◆ **Action item**:
Begin at the line containing "Immunohistochemistry of paraffin-embedded" in the records below, end at the line containing "Immunohistochemistry - Anti-OGT/O-Linked", and retype each line in that span exactly. No other line and no image should appear.

◆ **Dataset**:
|---|

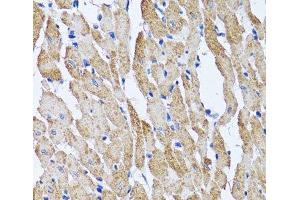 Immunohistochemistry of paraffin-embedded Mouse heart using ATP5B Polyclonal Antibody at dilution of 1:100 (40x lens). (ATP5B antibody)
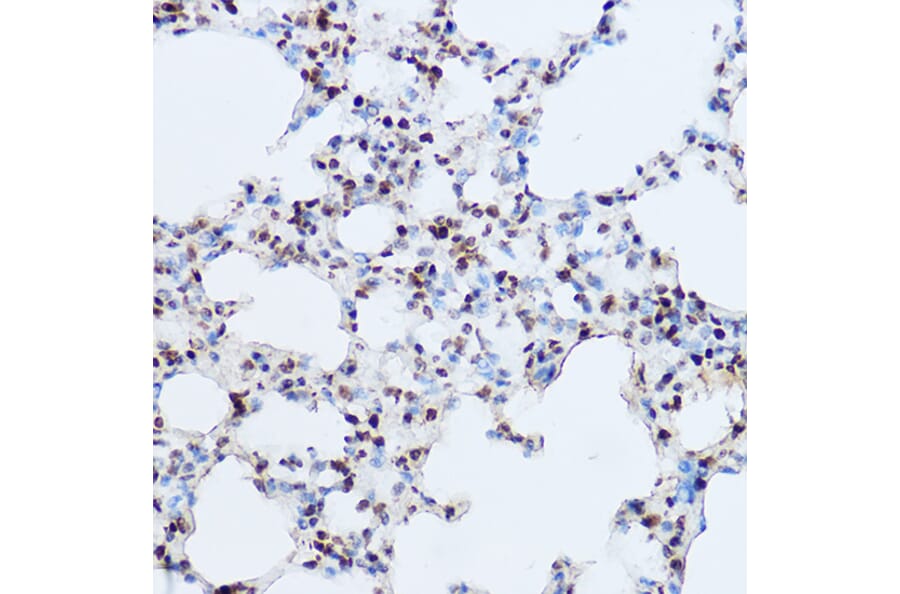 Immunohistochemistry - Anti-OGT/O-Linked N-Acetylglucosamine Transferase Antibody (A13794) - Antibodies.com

|---|

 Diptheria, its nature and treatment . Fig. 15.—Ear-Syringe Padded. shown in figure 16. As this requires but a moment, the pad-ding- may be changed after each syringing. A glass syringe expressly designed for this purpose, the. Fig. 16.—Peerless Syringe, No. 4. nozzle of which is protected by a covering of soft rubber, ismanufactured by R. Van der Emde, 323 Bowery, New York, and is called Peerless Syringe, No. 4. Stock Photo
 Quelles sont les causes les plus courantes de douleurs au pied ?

|---|

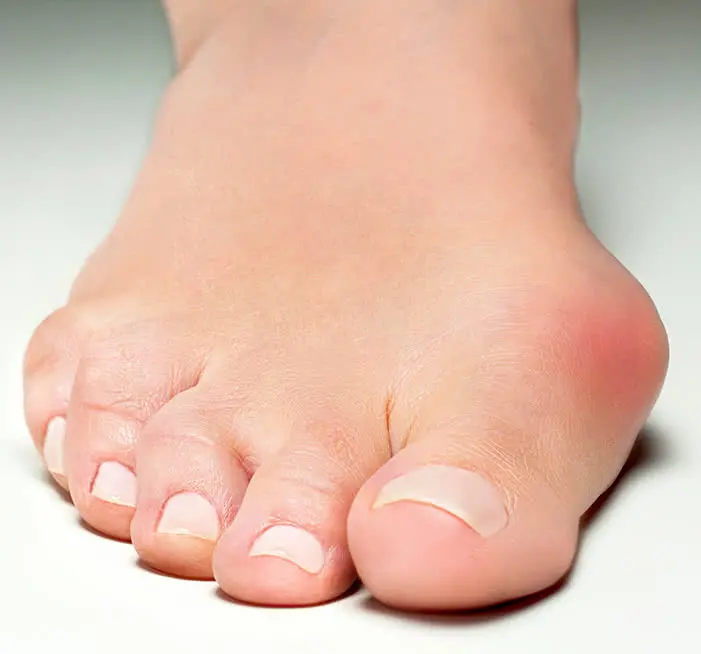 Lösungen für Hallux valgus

|---|

◆ **Expected output**:
 Immunohistochemistry of paraffin-embedded Mouse heart using ATP5B Polyclonal Antibody at dilution of 1:100 (40x lens). (ATP5B antibody)
 Immunohistochemistry - Anti-OGT/O-Linked N-Acetylglucosamine Transferase Antibody (A13794) - Antibodies.com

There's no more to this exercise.